An innovative combination of two treatments could be an effective, efficient, and enduring way to treat post-traumatic stress disorder in military veterans, a new study shows.

Clinical trial participants who received brain stimulation with a low electrical current during sessions of virtual reality exposure reported a significant reduction in PTSD symptom severity.

Professor of Psychiatry and Human Behavior Noah Philip RES’09 F’11 F’12, MD, senior author of the paper published in JAMA Psychiatry, says the findings are exciting considering existing challenges in treating patients with PTSD.

“This is a different and innovative way of approaching treatment where we’re combining the best aspects of psychotherapy, neuroscience, and brain stimulation to help people get better,” says Philip, who leads mental health research at the Center for Neurorestoration and Neurotechnology at the Providence VA Medical Center. “There’s a lot of promise here, and that offers hope.”

Initial PTSD treatments often include trauma-focused exposure therapy and medication. Yet the disorder is particularly difficult to treat in military veterans, Philip says. Medications have significant adverse effects, and exposure therapy can be difficult to tolerate, since it involves describing highly traumatic experiences repeatedly.
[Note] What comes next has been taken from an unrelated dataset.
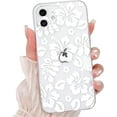 thumbnail image 1 of Compatible for iPhone 12 Case Cute Clear Hibiscus Flower Floral Aesthetic Printed Design for Girls Women Soft TPU Shockproof Protective Girly for iPhone 12-White, 1 of 7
Up to 50 percent of patients drop out of traditional exposure therapy, and others decline to even start it.

“Through exposure therapy, the brain is reprocessing the trauma, and learning that even though the traumatic experience was dangerous, the memories of the traumatic experience, as well as the thoughts and feelings that are conjured up by those memories, are not dangerous—they are safe,” says coauthor Mascha van ’t Wout-Frank, PhD, an associate professor of psychiatry and human behavior (research). “This results in a decline in conditioned fear response.”

A leading theory of PTSD posits that the effectiveness of exposure as a therapy is impaired due to ineffective top-down control of the brain’s amygdala by the ventromedial prefrontal cortex and other brain regions. Affected individuals thus have impaired safety learning and memory, which in healthy people is supported by intact brain function, van ’t Wout-Frank says.
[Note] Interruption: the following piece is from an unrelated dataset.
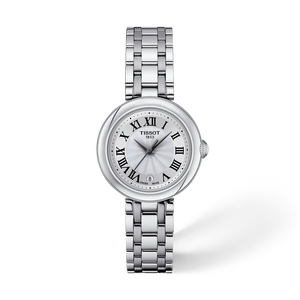 Front view of the watch Tissot Bellissima 26mm with shadow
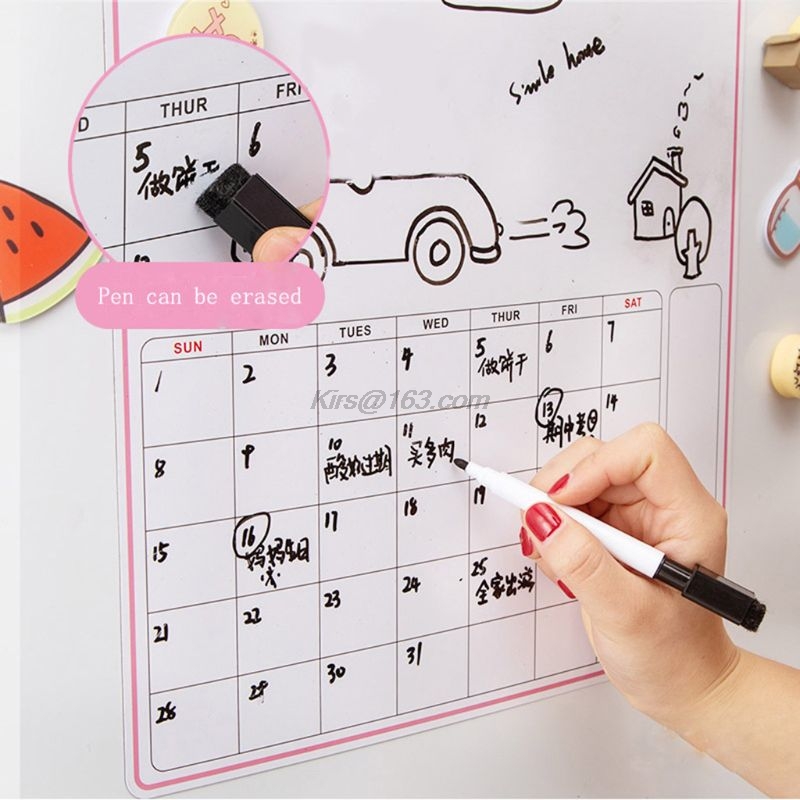 A3 Soft Magnetic Whiteboard Magnet Erase Board Drawing Refrigerator Calendar Pen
Transcranial direct current stimulation, which involves administering a constant, low, pain-free electrical current to a part of the brain, is well-suited to potentially augment trauma-focused exposure therapy, van ’t Wout-Frank says. The noninvasive current may boost neural activity, facilitating top-down control by the ventromedial prefrontal cortex to improve safety learning.
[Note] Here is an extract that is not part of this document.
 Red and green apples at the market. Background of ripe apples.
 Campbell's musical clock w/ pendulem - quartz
The research team decided to combine transcranial direct current stimulation with a generalized virtual reality exposure, which provided a highly immersive sensory experience including visual, tactile, and even olfactory stimuli to simulate real-world environments, but did not replicate any participant’s personal experience.

In the experiment, participants were randomly assigned to receive brain stimulation or a sham experience during six sessions of warzone VR exposure. While all participants had meaningful reductions in PTSD symptoms (attributed to the VR procedure), those in the brain stimulation group reported a greater reduction in PTSD symptom severity at one month, as well as significantly accelerated psychological and physiological adjustment to the VR events between sessions. Prolonged exposure therapy usually takes around 12 weeks to show effects.

What’s more, Philip adds, the effects of the combined VR and brain stimulation treatment continued to build over time.

“What we found was that people continued to get better after they were done with the treatment, and we started seeing the biggest effects one month later,” he says.